Les pays du Maghreb, peu intégrés dans l’économie mondiale, seront-ils touchés par les conséquences de la victoire du Brexit?
L’effet du Brexit sur nos pays ne sera pas direct. Et pour cause, les pays du Maghreb n’ont pas des relations commerciales assez poussées avec la Grande Bretagne, et reçoivent une bonne partie des IDE des pays de la zone Euro et les Maghrébins se trouvant à l’étranger sont la plupart du temps concentrés dans les autres pays de l’Europe de l’Ouest plutôt qu’en Grande Bretagne. Ça n’empêche pas, qu’à court terme, les effets de ce Brexit seront ressentis par nos pays, à travers la transmission du choc de la Grande Bretagne vers le reste des pays de l’UE (en particulier la zone Euro) avec lesquels le Maghreb a des relations commerciales et financières non négligeables. En particulier, la disparition de la contribution de la Grande Bretagne dans le budget de l’UE va se traduire par une baisse du budget de cette institution et, par conséquent, par une baisse des flux alloués aux pays sud méditerranés (notamment sous forme d’aides). D’autre part, l’appréciation du $ face à l’€ va probablement se traduire par une appréciation du billet vert par rapport aux monnaies de la rive sud de la méditerranée, ce qui va alourdir la charge de la dette. De même, la montée des pressions déflationnistes dans toute l’Europe pourra se répercuter sur la demande des biens et des services. Les pays du Maghreb affronteront donc probablement une demande de plus en plus ralentie de leurs produits énergétiques et des services. Cependant, il ne faut pas oublier aussi que toute crise créera un passage d’un équilibre à un autre où de nouvelles opportunités apparaissent et de nouveaux enjeux se dessinent. Comme il a été mentionné, ce passage dépendra de la durée et de la forme de la transition qui va s’opérer. Plus la transition est lente, plus les canaux de transmission seront importants. Aussi, plus la Grande Bretagne s’éloignera de la formule du marché commun, plus les répercussions seront palpables. Dans tous les cas, l’adage qui consiste à dire que « lorsque l’Europe tousse, nos pays s’enrhument » trouvera vraisemblablement sa place.
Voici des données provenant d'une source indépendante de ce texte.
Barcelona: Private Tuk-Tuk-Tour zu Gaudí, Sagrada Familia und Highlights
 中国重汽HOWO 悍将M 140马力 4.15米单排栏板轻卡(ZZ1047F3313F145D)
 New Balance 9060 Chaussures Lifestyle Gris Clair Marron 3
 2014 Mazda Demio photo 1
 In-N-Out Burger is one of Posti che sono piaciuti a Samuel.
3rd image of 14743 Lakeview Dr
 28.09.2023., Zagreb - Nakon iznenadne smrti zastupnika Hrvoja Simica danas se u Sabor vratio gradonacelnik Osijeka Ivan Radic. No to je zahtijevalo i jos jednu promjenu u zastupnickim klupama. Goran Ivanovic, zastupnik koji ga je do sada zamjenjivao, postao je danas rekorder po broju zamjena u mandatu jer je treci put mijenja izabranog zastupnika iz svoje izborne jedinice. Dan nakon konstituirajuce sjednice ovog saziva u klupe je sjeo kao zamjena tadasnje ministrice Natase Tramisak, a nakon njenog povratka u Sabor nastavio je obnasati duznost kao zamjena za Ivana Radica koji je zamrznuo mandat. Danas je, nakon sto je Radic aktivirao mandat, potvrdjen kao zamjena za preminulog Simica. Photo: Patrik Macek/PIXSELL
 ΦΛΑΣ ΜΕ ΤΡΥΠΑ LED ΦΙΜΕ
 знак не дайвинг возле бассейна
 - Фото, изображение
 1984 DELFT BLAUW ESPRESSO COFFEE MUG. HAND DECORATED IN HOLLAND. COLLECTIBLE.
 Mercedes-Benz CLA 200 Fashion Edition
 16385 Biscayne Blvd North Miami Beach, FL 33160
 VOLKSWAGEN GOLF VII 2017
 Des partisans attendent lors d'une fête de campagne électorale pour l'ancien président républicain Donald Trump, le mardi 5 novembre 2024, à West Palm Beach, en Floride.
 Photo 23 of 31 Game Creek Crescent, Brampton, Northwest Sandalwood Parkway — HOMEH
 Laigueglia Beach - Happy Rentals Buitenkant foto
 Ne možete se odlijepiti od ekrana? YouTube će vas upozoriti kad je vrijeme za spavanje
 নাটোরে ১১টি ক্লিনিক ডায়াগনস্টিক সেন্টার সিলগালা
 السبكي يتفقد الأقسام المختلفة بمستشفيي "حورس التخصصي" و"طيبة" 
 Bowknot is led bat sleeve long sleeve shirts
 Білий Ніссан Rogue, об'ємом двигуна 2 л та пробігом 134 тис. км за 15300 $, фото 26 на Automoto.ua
Les experts prévoient une dépréciation de la Livre Sterling et une appréciation du dollar contre l’Euro. Comment se répercutera cette nouvelle donne sur le commerce extérieur des pays de la région Maghreb ?
Fondamentalement, un choc de change aura des effets asymétriques sur des pays ayant des structures commerciales différentes. Le cas du Maghreb est un peu spécial vu que nos pays ont pour principal partenaire l’Europe. La seule nuance qui pourra se présenter concerne le cas du Maroc qui a un accord de libre échange avec les Etats Unis et adopte un taux de change fixe. Toute appréciation du Dollar contre l’Euro aura des effets positifs sur les exportations maghrébines. Le Maroc profitera beaucoup plus de cette dépréciation vu son libre accès au marché américain et la structure de son panier de référence sur lequel le dirham est ancré. La Tunisie et l’Algérie profiteront également de cette dépréciation, à moins que la situation d’incertitude et d’instabilité qui plane jusqu’à maintenant finisse et que le climat des affaires s’améliore. Il est à noter aussi que le Brexit pourra se traduire par une renégociation des accords bilatéraux entre les pays du Maghreb et l’UE (mais aussi avec la Grande Bretagne), chose qui pourra ouvrir la voie à de multiples opportunités pour nos économies.